Burundi is one of the poorest countries in the world, with a population of 14.4 million people as of 2025. Generally, there have been some improvements in the key health indicators such as life expectancy, child mortality and maternal mortality over the last fifty years. According to UNWPP, the life expectancy of Burundi has gradually increased from 40.9 years in 1950 to 63.7 years in 2023. Despite the improvement in life expectancy, it remains below the current world average of 73.2 years. Over the past forty years, the maternal mortality rate has greatly reduced from 1428 deaths per 100000 live births in 1985 to 392 deaths per 100000 live births in 2023. However, this maternal mortality rate is two times higher than the world average of 197 deaths per 100,000 live births. In addition, child mortality has also declined gradually in the last 20 years from 170 deaths per 1000 live births in 1995 to 49 per 1000 live births in 2023. The total fertility rate of Burundi reduced from 7.0 births per woman in 1960 to 4.9 births per woman in 2022, though it remains higher than the global average. The low life expectancy and high child mortality rate, and high fertility rate in Burundi, indicate that the overall health status of the country is generally poor.

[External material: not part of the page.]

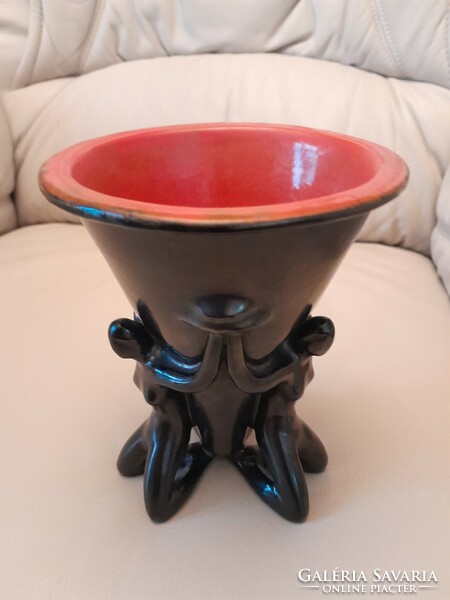 Gorka geza: vase with three kneeling female figures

Civilians in Burundi have lived through years of conflict due to the civil war, leaving many civilians facing economic crisis. The government has had limited capacity to invest in the health system, so the health infrastructure is poor. The link between health and poverty is undeniable. Many Burundians do not have access to primary health care. Despite this, the Human Rights Measurement Initiative finds that Burundi is fulfilling what it should be for the right to health based on income levels. Burundi had the lowest consumption of antibiotics of any country in the world in 2015 with a rate of 4.4 defined daily doses per 1,000 inhabitants per day.

== Health status ==
As of 2019, the average life expectancy in Burundi is estimated at 62 years, up from 49 years in 2000.

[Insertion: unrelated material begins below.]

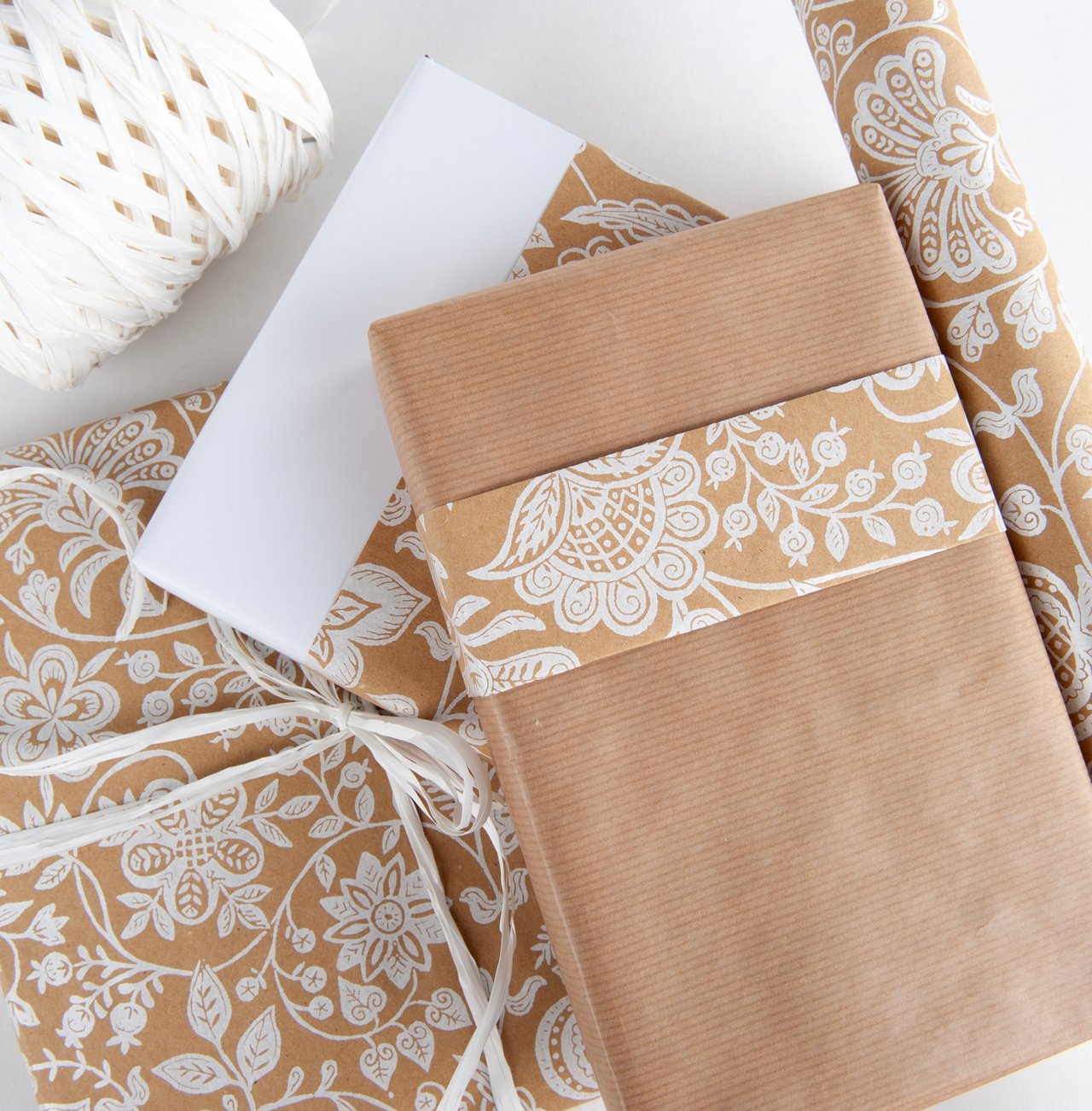 Presentpapper Florenz white - 2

=== Life expectancy in Burundi ===

Source:

| 1 | Low life expectancy | About 62 years |
| 2 | Food insecurity | Lack of proper nutrition |
| 3 | Long term effects of malnutrition on children | Underweight children |
| 4 | Low sources | The population expected to double in 2050 |
| 5 | Low reproductive health services | Lack of contraceptives, no family planning program |
| 6 | Poverty | Vast majority of people live on less than $3.10 per day |
| 7 | HIV/AIDS | 84000 of people were living with this disease in 2016, most of them are sex workers and men who have sex with men, increased condom uses and antiretroviral therapy |
| 8 | Other infectious diseases | Malaria, typhoid fever, hepatitis A, measles |
| 9 | Environmental issues | Floods, droughts, landslides |
| 10 | Life expectancy is increasing | However, it is increasing, this is lower than other countries like USA |

== Burden of disease ==

=== Disability adjusted life years (DALYs) ===
In 2021, the leading five causes of DALYs per 100,000 of the population in Burundi for both sexes, of all ages, were neglected tropical diseases (NTDs) & malaria, maternal and neonatal diseases, respiratory infections and tuberculosis, cardiovascular diseases and enteric infections .

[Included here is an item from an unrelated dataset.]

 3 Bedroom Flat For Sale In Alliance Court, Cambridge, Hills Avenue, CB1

=== Child mortality (under 5 years) ===
The under-5 mortality rate in Burundi is 1.6 times higher than that WHO has estimated for the African region. As this list illustrates maternal and neonatal disorders are the first causes of DALYs but the death rate decreased from 100 deaths per 1000 live births in1996 to 80 deaths in 2016.

These deaths have various causes but they have not been measured directly for each age group and gender. Research has shown that there are 3 main reasons for the hospitalization of children under 5 years. About 93% of all children aged 1 to 59 months old were hospitalized due to malaria, lung disease, or acute diarrhea. The malaria ratio was about 63%; this is why malaria is the main cause of death and hospitalization among children under five in Burundi.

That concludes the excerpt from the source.